Have I mentioned I suck at "middles"? Who knew Day 5 constituted the middle of a 30 day program. Apparently I also suck at math.
I need to make the decision to keep Bleu or give her back. While I appreciate the 2 month trial period, it just prolongs the agony of the actual decision. Just rip the damn band-aid right off. Please.
Because right now she's floating in that space of mine, but not quite. And I keep talking about future plans with her, always caveated by "assuming I keep her." Well, why the hell am I making plans for the winter if I'm not going to keep her?
My plan was to finish this 30 day program, the end of which coincides with the end of my trial period. Perfect time to make a decision. But I think I just need to bite the bullet. Sign on the dotted line. Resign myself to a life of blissful pony-poverty.
I didn't exactly meet my criteria of "10 minutes of something positive and progressive" this weekend. I just didn't feel up to it. And that's okay.
With Bleu, I did some "leave your stall and the world does not end" friendly game. One day we just hung out in the hallway and I let her eat off the hay bales. Another day, I just took her into the arena and hung out while other horses "worked."
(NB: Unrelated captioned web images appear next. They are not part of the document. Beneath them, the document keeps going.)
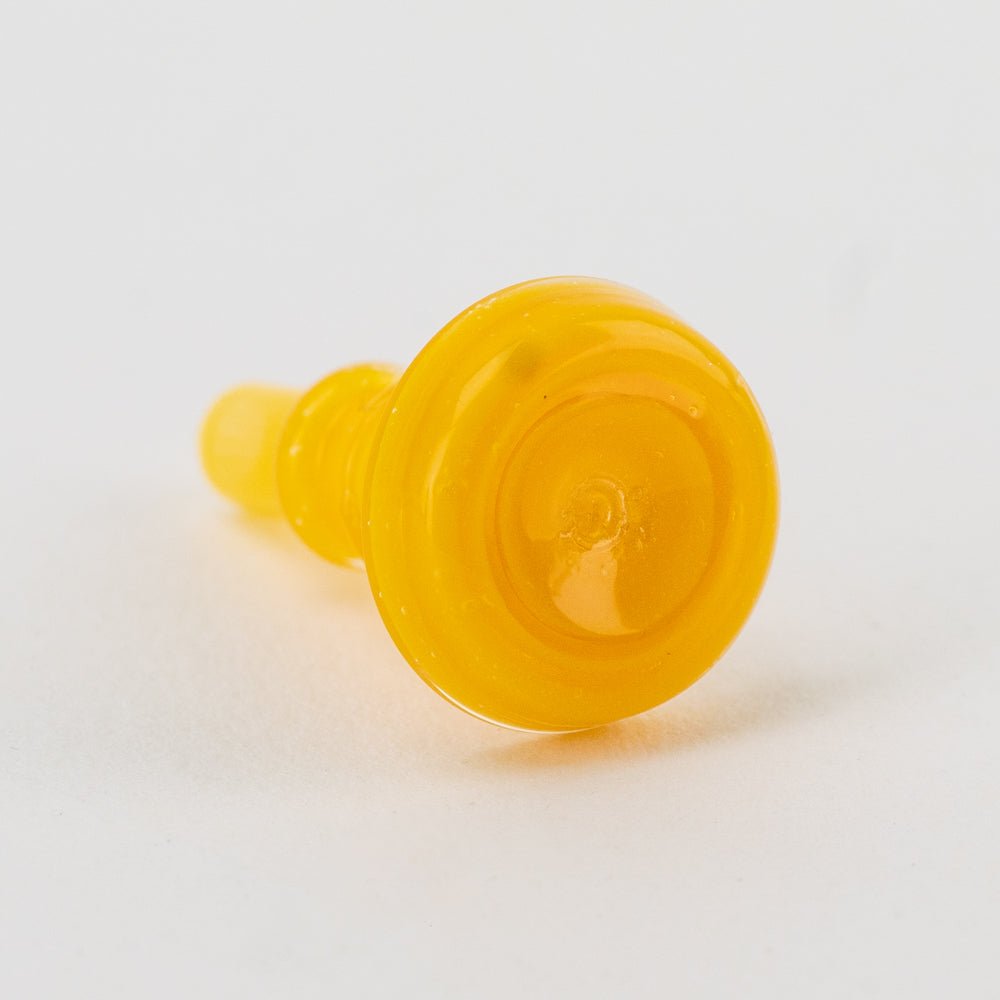 Front view of Sunshine Yellow joystick cap for Puffco Peak Pro 3DXL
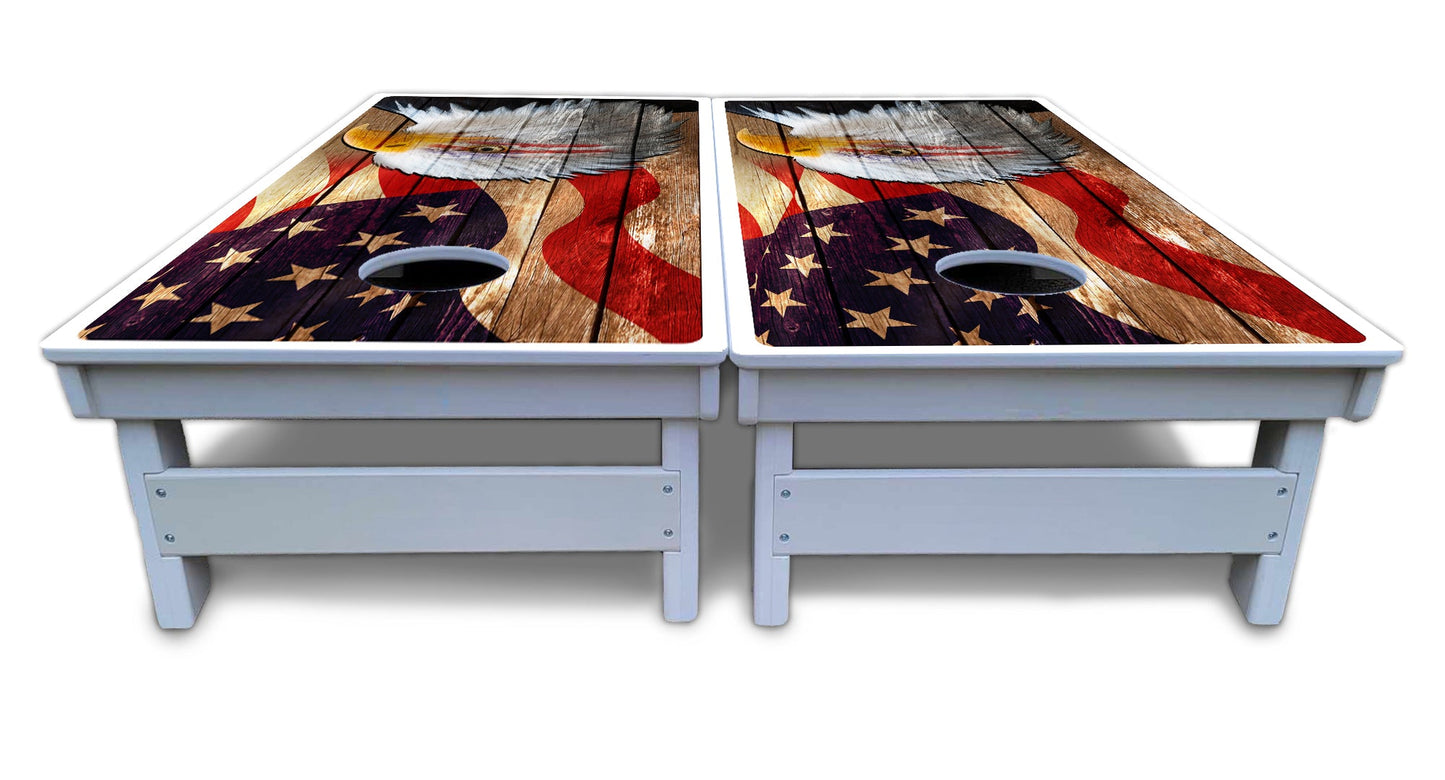 Wooden Eagle Cornhole Boards - All Weather Series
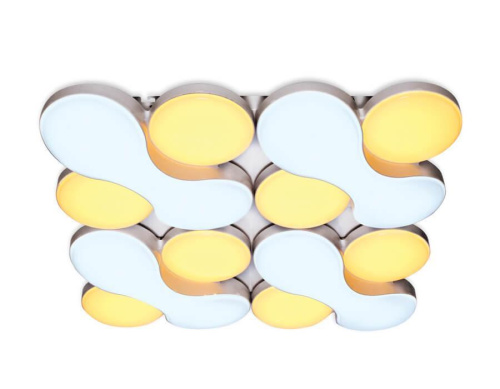Потолочный светодиодный светильник Ambrella light Orbital Granule FG1066/4 WH 208W D720*720 Потолочный светодиодный светильник Ambrella light Orbital Granule FG1066/4 WH 208W D720*720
Cricket - just friendly time. We had a big first - I rode her bareback and bridless out of the arena. On a whim, I hopped on her from the tailgate of my truck. I did have the sense to put a string around her neck and take a carrot stick with me. Little good it did. Let's just say it gave me the illusion of control. Oh well. Let's just say that as long as my idea was "go wherever and graze" then she was following my leadership. But it was fun and just a little reckless and it certainly wasn't over-thought. If anything it was under-thought. I'd say that's progress - for me.